EXTRACTED RECORDS section start

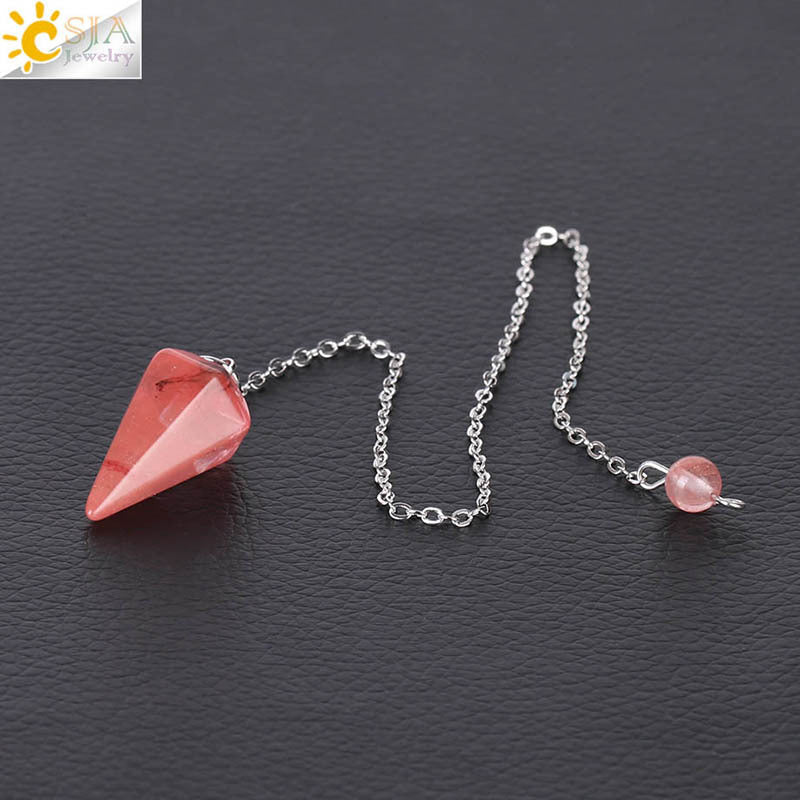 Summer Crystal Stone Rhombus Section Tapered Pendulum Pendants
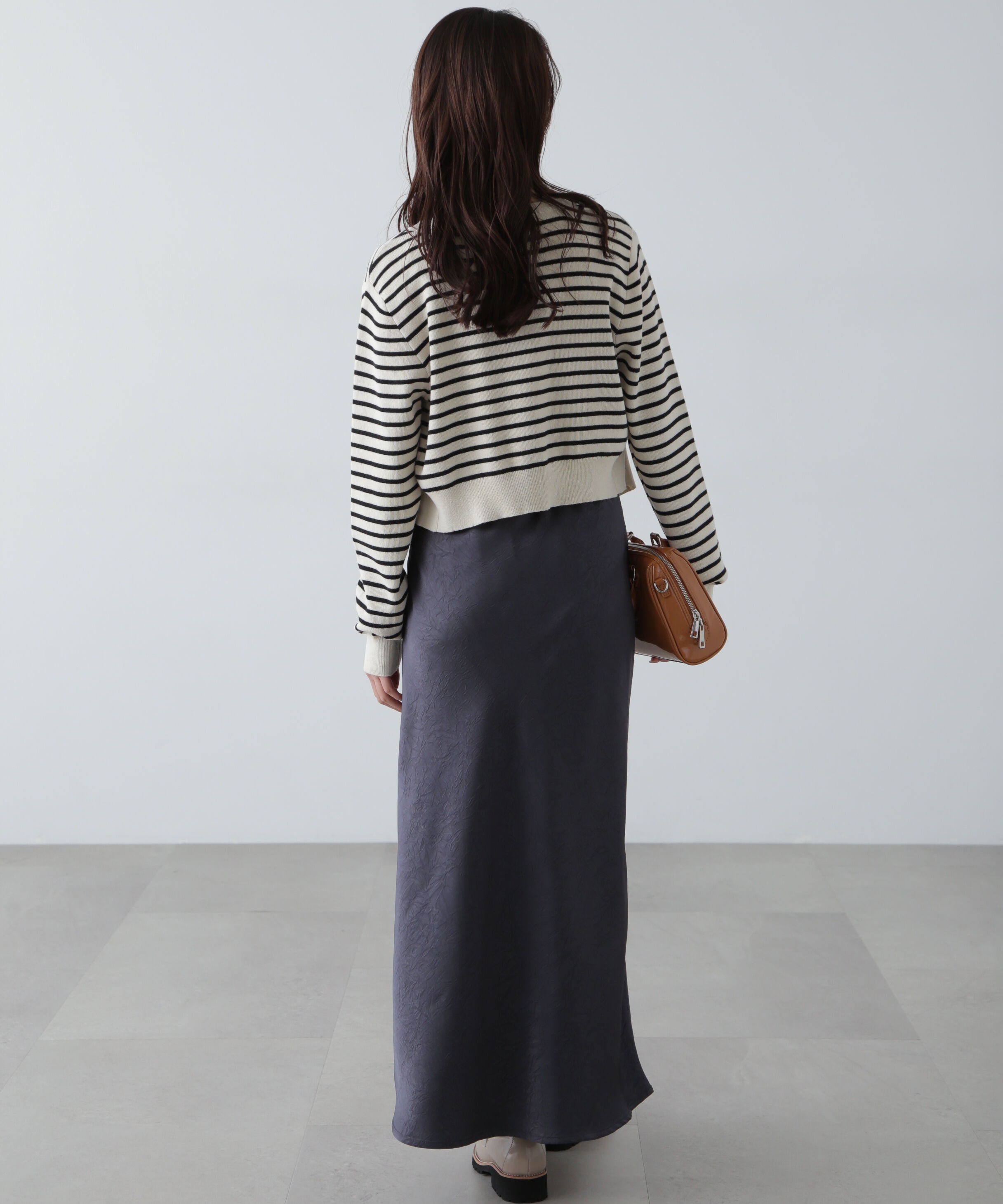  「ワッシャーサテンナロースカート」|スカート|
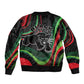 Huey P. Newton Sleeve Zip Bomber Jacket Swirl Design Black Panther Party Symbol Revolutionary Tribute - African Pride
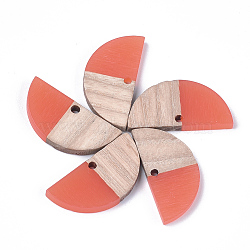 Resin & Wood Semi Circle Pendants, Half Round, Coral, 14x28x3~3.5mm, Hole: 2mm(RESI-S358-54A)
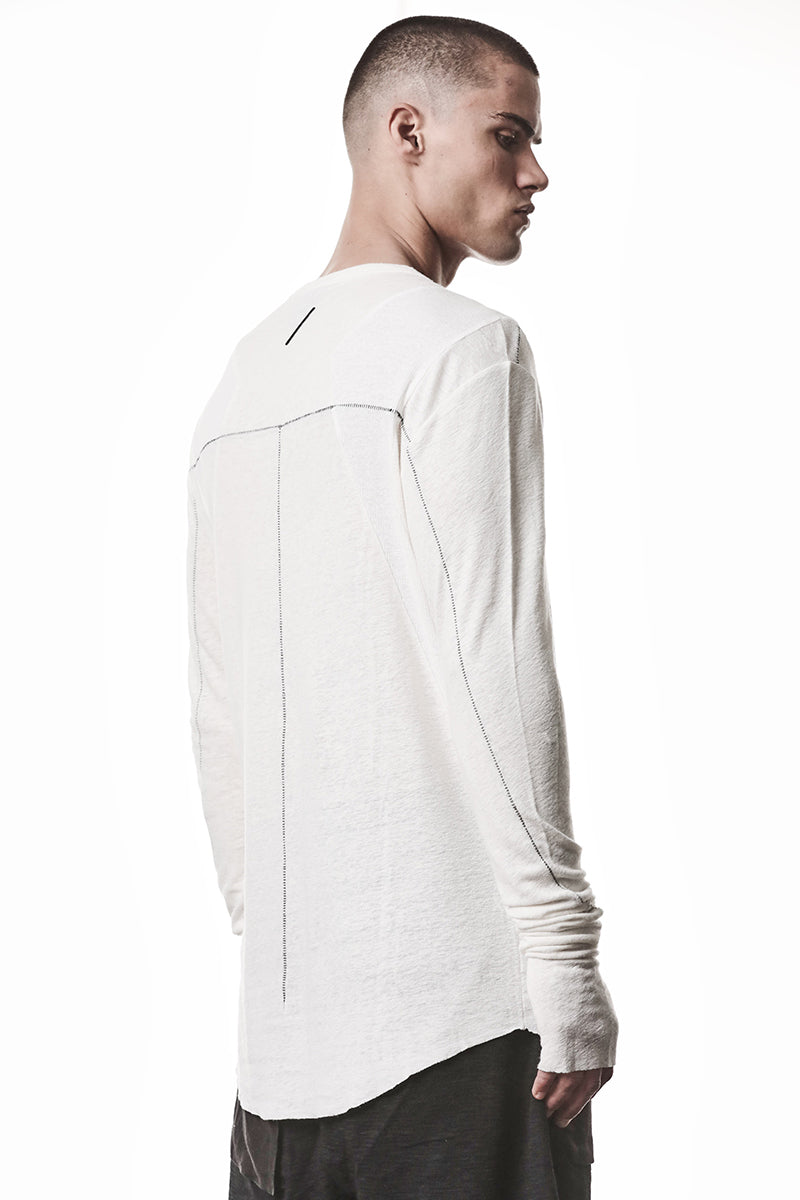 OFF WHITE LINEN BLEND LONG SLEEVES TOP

EXTRACTED RECORDS section end

== THE TASK ==
Leaving out the pictures, print every record exactly as written.

== RESPONSE TO THIS TASK ==
 Summer Crystal Stone Rhombus Section Tapered Pendulum Pendants
  「ワッシャーサテンナロースカート」|スカート|
 Huey P. Newton Sleeve Zip Bomber Jacket Swirl Design Black Panther Party Symbol Revolutionary Tribute - African Pride
 Resin & Wood Semi Circle Pendants, Half Round, Coral, 14x28x3~3.5mm, Hole: 2mm(RESI-S358-54A)
 OFF WHITE LINEN BLEND LONG SLEEVES TOP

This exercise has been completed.